Throughout the 1990s, the growing availability of pornography on the Internet undercut Guccione’s empire, which suffered on other fronts as well. He lost money on unsuccessful plans to build a Penthouse casino in Atlantic City and on a hard-core film, “Caligula.”
In 2003, Penthouse’s publisher, General Media Inc., which was 85 percent owned by Guccione, filed for bankruptcy. The magazine is now published by FriendFinder Networks Inc., which runs adult websites.
Penthouse’s first issue hit newsstands in the U.K. in 1965 and went on sale in the U.S. in 1969, according to Biography.com. The magazine challenged the popularity of Playboy, a men’s magazine that had gained widespread following, by featuring photos and content that were intended to be more explicit and provocative.
‘Pornography as Art’
Neither Playboy nor Penthouse pushed as far as Larry Flynt’s Hustler magazine, however. Guccione and Playboy founder Hugh Hefner “always tried to masquerade their pornography as art and justify it by including articles that were supposed to have had so-called ‘redeeming social value,’” Flynt wrote in “An Unseemly Man,” his 2008 memoir. “But as transparent as the strategy was, it worked.”
Guccione was once an altar boy in the Catholic Church who spent several months in a seminary before dropping out, according to Biography.com. He harbored dreams of becoming an artist before beginning a career in media, the site says.
Penthouse sparked controversy in 1984 by publishing nude photos of Vanessa Williams, the first black woman crowned Miss America. Williams relinquished the title after the issue was released.

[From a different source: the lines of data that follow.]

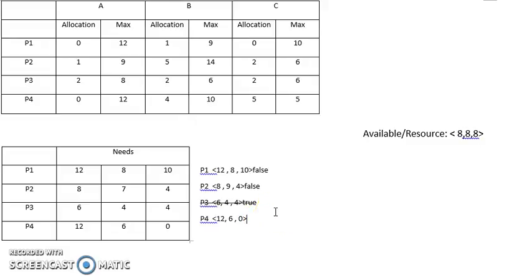The next one is P4, which needs 12, 6, 0. This is not enough for our current resources, so we mark it as false.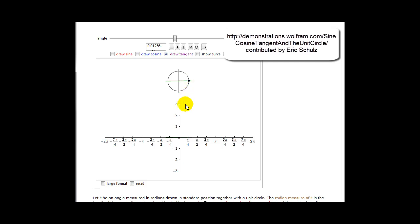Because we're looking at the ratio of y over x, we are going to obtain a graph that's considerably different from the graph of sine and cosine theta.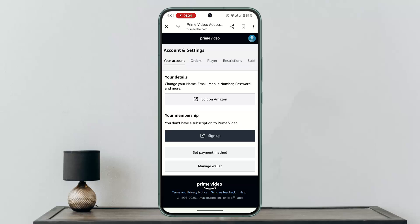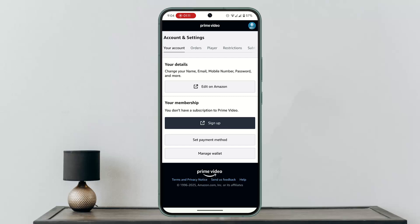You will be taken to the next fields where you have to go through some of the criteria. If you are sure about it, click on Cancel Prime Video Membership and follow the on-screen prompts. With that, you'll have successfully cancelled your Prime Video membership.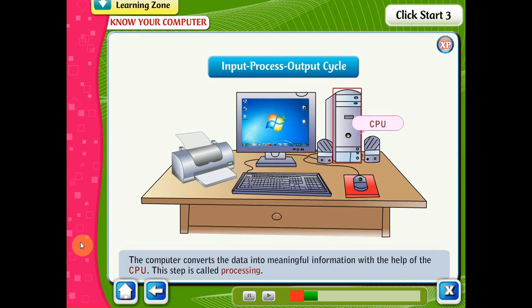The computer converts the data into meaningful information with the help of the CPU. This step is called processing.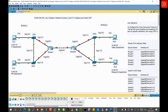Hi everyone, and welcome back to another lab session. In today's lab, we will walk you through how to configure and verify Cisco Discovery Protocol. We will discuss what CDP is, why we need it, and list all the advantages and disadvantages when using the CDP protocol. CDP is a network protocol developed by Cisco Systems, and it operates at the data link layer, which is Layer 2 of the OSI model.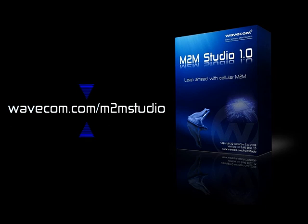Thank you for watching this demonstration. For more information and to download your free copy of M2M Studio, visit us at wavecom.com/m2mstudio. Wavecom, smart wireless, smart business.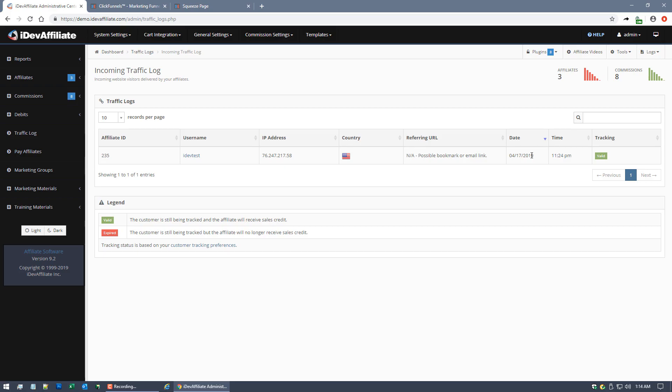If I look at the traffic log, you'll see there is a traffic log in the Incoming Traffic Log section of the admin center. The reason is because we're emulating or simulating a situation where the customer has clicked on an affiliate's marketing link.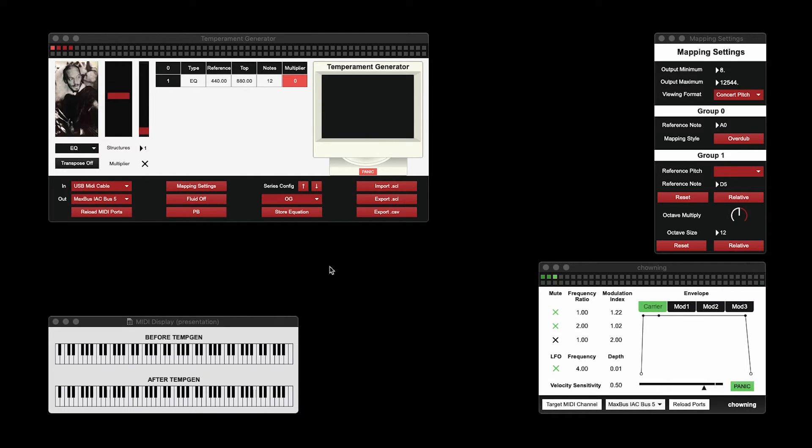When using multiple temperaments, this arrangement allows for great flexibility when organizing your keyboard mapping.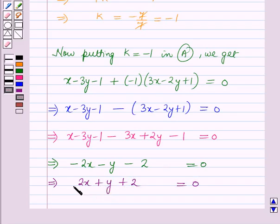So 2x plus y plus 2 equals 0 is the required equation of the line. That is the solution of this question. That's all for this session. Hope you all have enjoyed the session.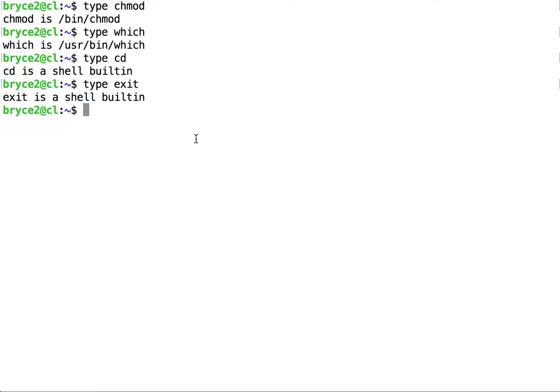Type will also tell us whether the command we are using is in fact a shortcut called an alias for a specific command with flags.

In 2000, the magazine ran an interview with and nude pictures of Paula Jones, the former Arkansas state employee who accused President Bill Clinton of sexual harassment. In March 2008, Penthouse offered Ashley Alexandra Dupre, the prostitute who was paid $4,300 to have sex with then-New York governor Eliot Spitzer, the chance to pose on its Web site, host a video chat or take part in a live Web-cam session.